======== The data ========

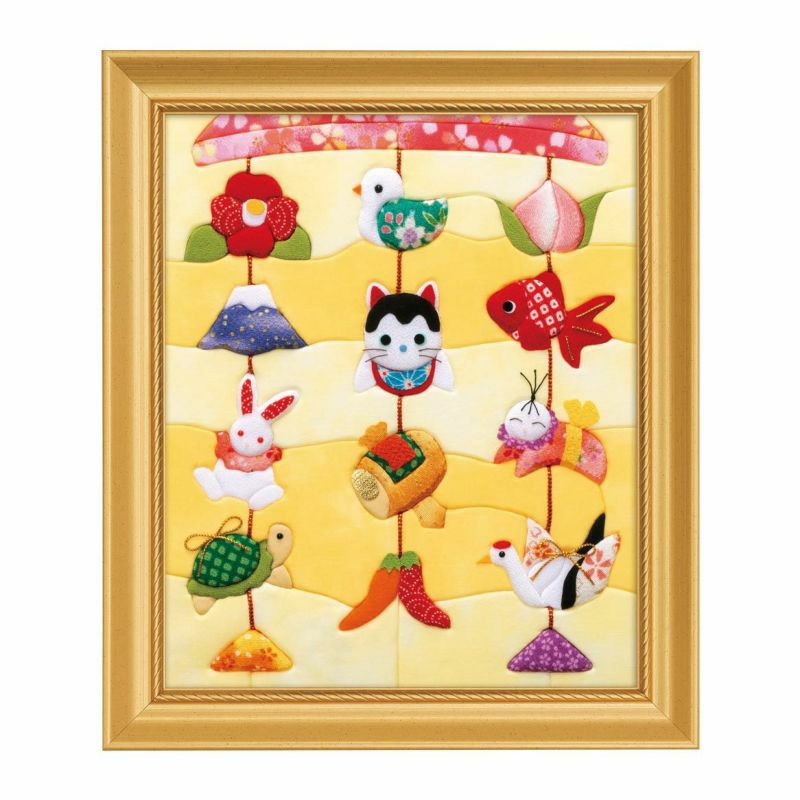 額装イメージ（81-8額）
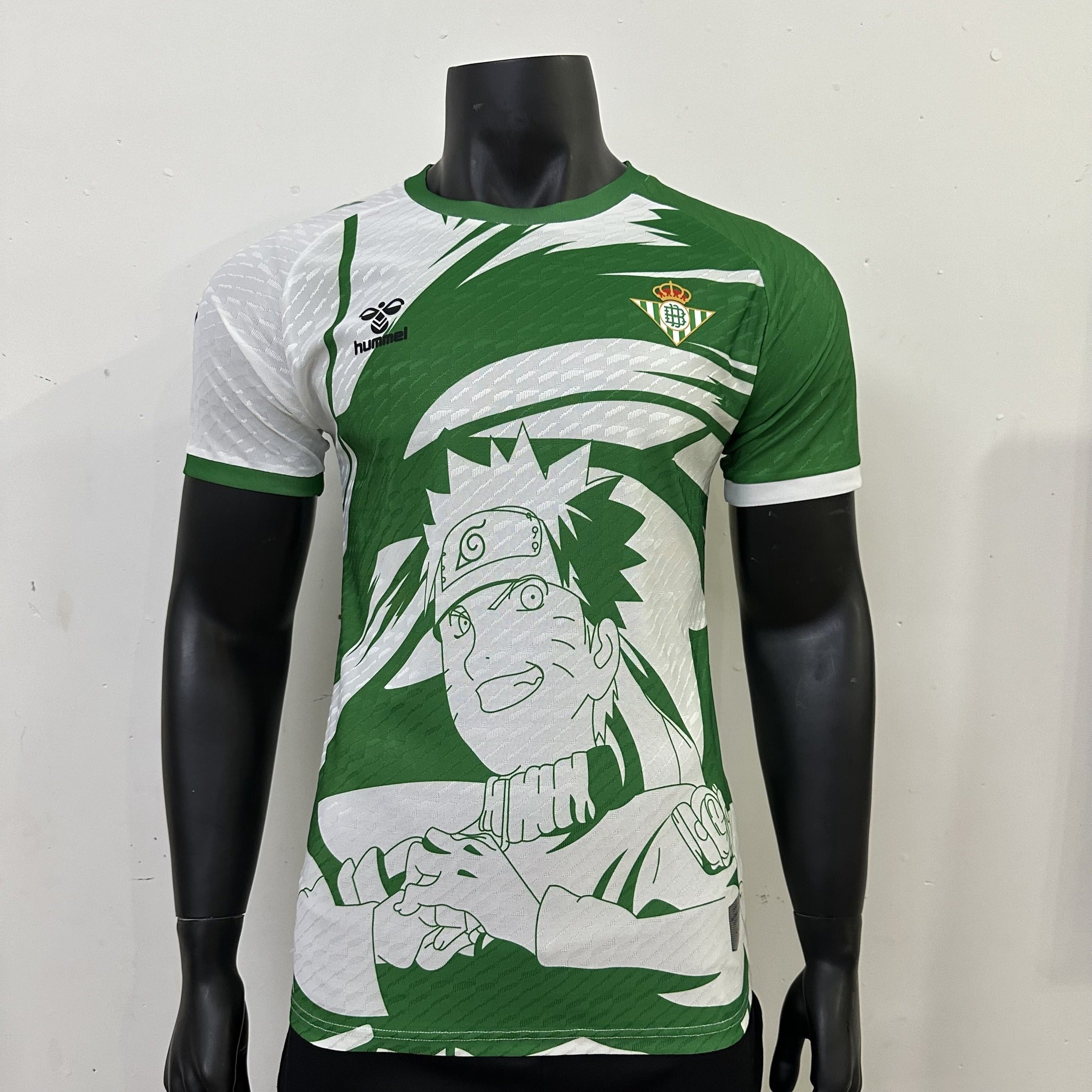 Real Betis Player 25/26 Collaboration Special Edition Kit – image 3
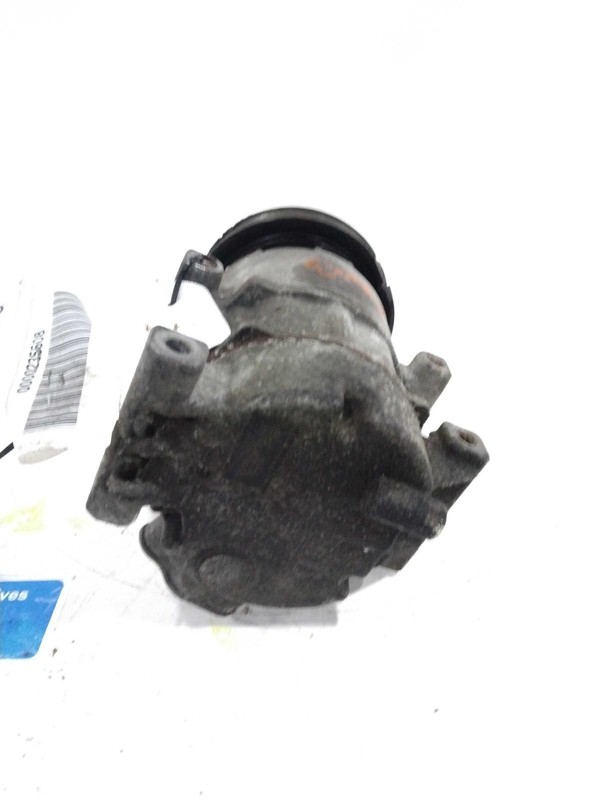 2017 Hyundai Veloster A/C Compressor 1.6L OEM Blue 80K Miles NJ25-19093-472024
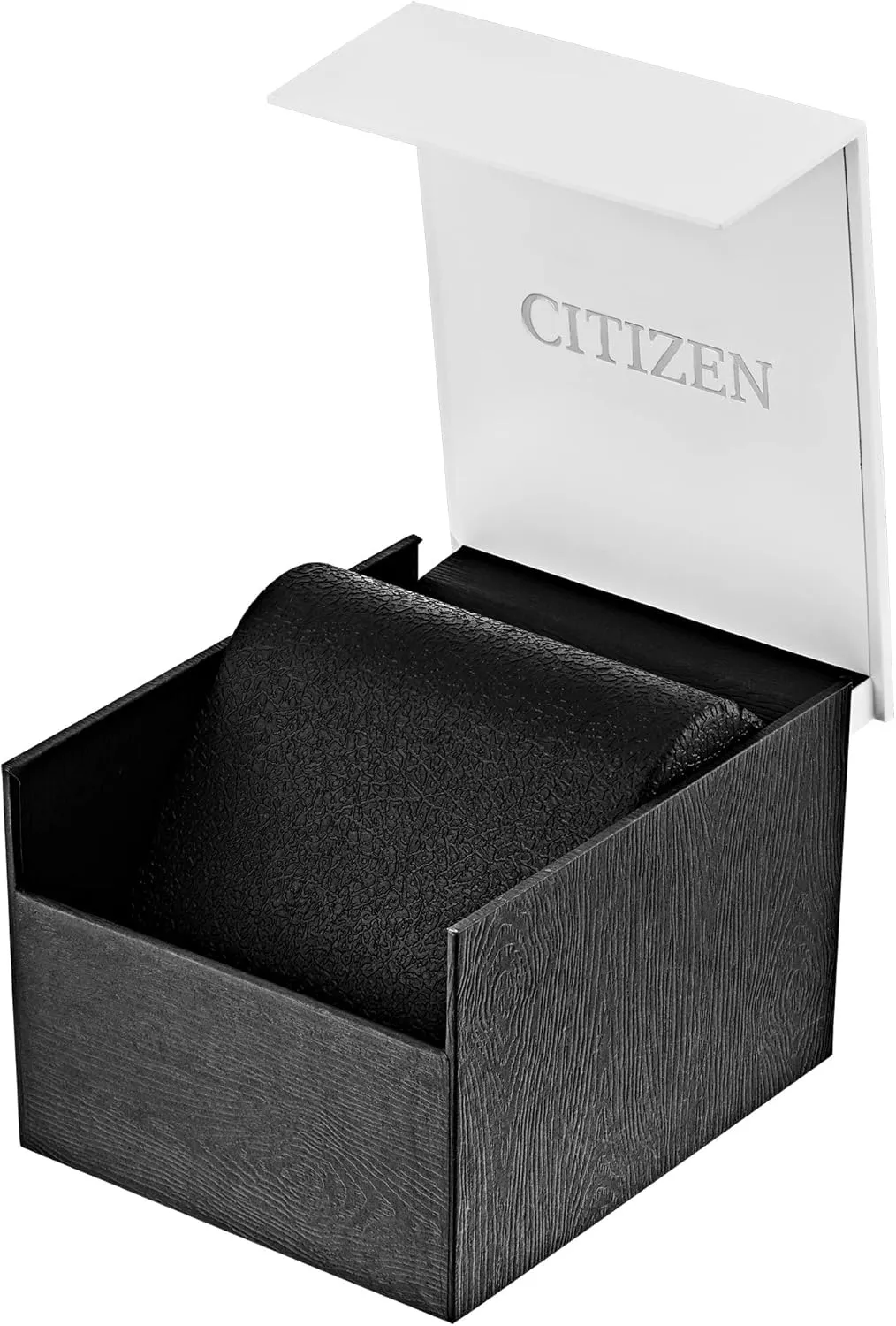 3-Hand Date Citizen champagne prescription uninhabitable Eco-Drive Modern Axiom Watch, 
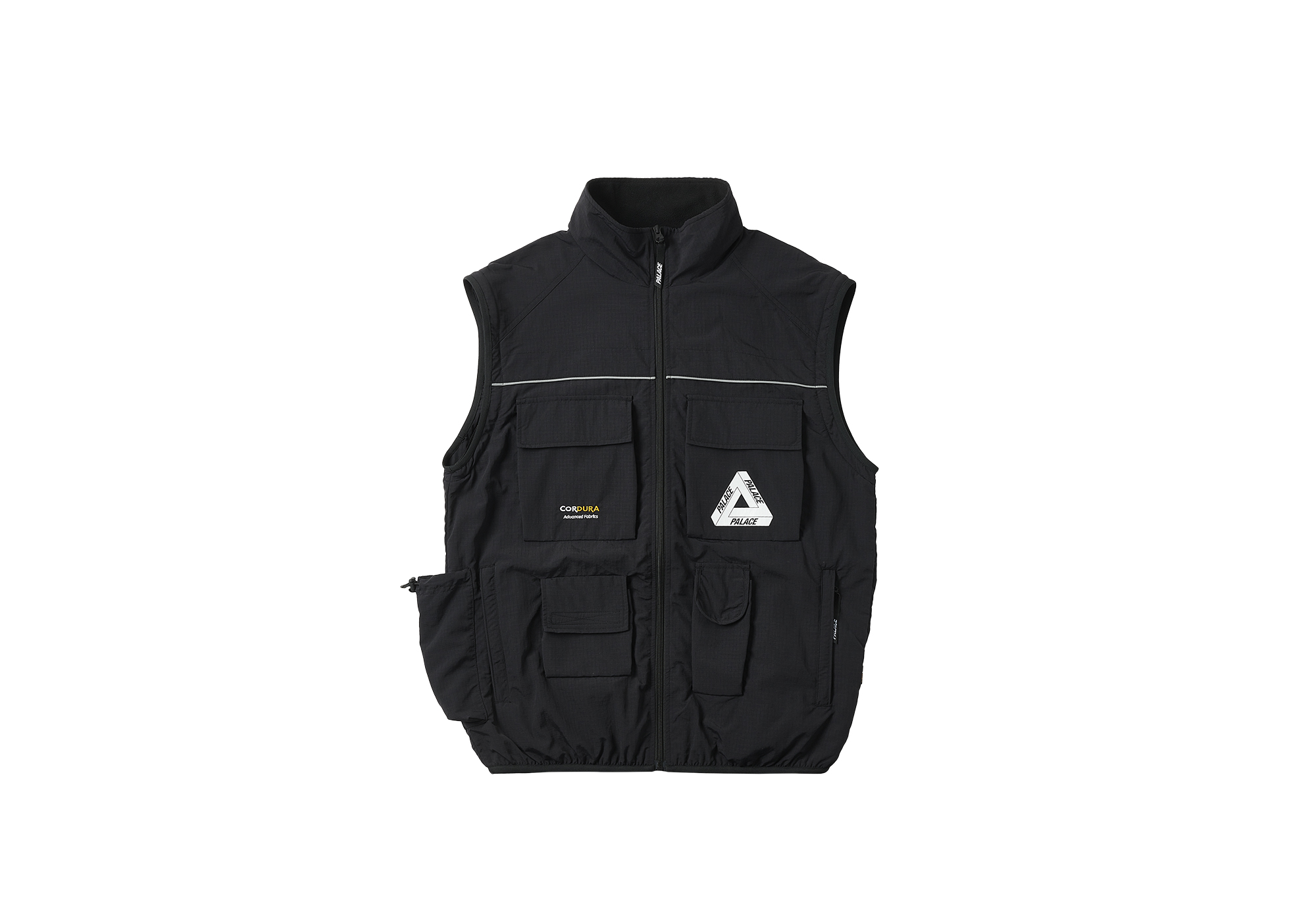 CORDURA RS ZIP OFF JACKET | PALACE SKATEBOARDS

========

### Task to carry out
Leave out the pictures and return, exactly as written, only the lines from the line with "3-Hand Date Citizen" through the end of the records above.

### Written solution
 3-Hand Date Citizen champagne prescription uninhabitable Eco-Drive Modern Axiom Watch, 
 CORDURA RS ZIP OFF JACKET | PALACE SKATEBOARDS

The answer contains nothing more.